Preakness 2024: Maryland leaders bask in ‘celebratory air’ after latest push to save Pimlico

Maryland leaders celebrated the 2024 race day in style after moving earlier this year to pass the latest plan to breathe new life into the struggling Pimlico Race Course and the state's horse racing industry.

In a tradition of mixing the glamour of the Preakness Stakes with a bit of political glad-handing, Maryland leaders celebrated the 2024 race day in style after moving earlier this year to pass the latest plan to breathe new life into the struggling Pimlico Race Course and the state’s horse racing industry.

Cases of champagne and trays of hors d’oeuvres shuffled into two adjacent tents — one sponsored by taxpayers, the other by the Democratic Governor’s Association — as Gov. Wes Moore, Mayor Brandon Scott and others moved between the gatherings inside the track Saturday.

Scott, fresh off his Democratic primary win Tuesday and wearing a full yellow suit to match his fiancee Hana Pugh, arrived at the gathering of politicians to a mob of well-wishers, including former Gov.
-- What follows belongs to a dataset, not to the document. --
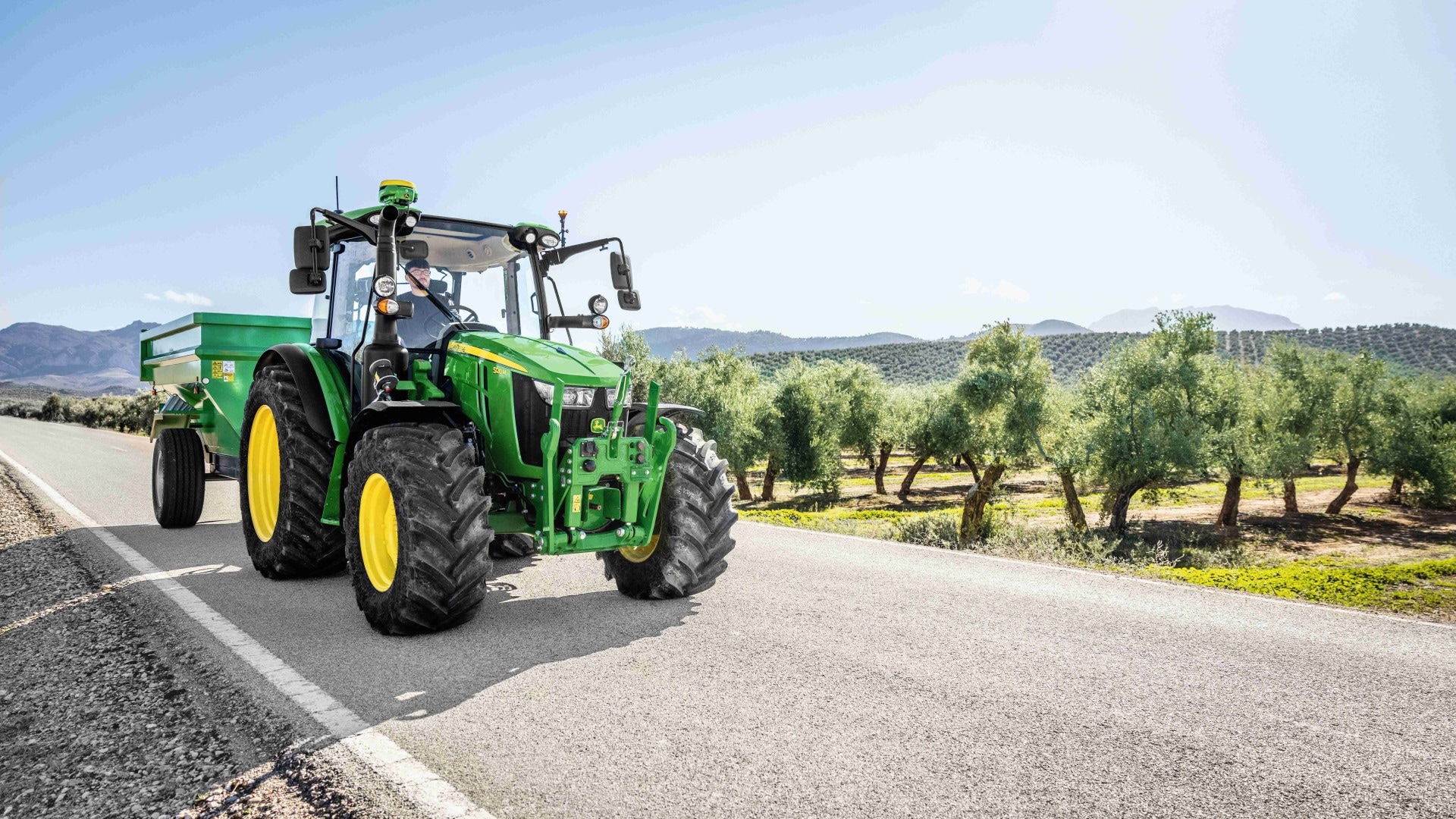 John Deere en ny 5M-traktor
Parris Glendening and Maryland Democratic Party Chair Ken Ulman.

In an early afternoon interview, Scott said he was pulling for Imagination in the race later in the day.

He also celebrated the completion of the new deal that will provide long-awaited state funds to renovate Pimlico and support the surrounding Park Heights community, where he grew up.

“Now we finally have the master plan going into action, with houses and apartments being built right now, the first new library in the city in 15 years coming right here to Park Heights,” said Scott, who is seeking a second four-year term this year. “That is a great thing.”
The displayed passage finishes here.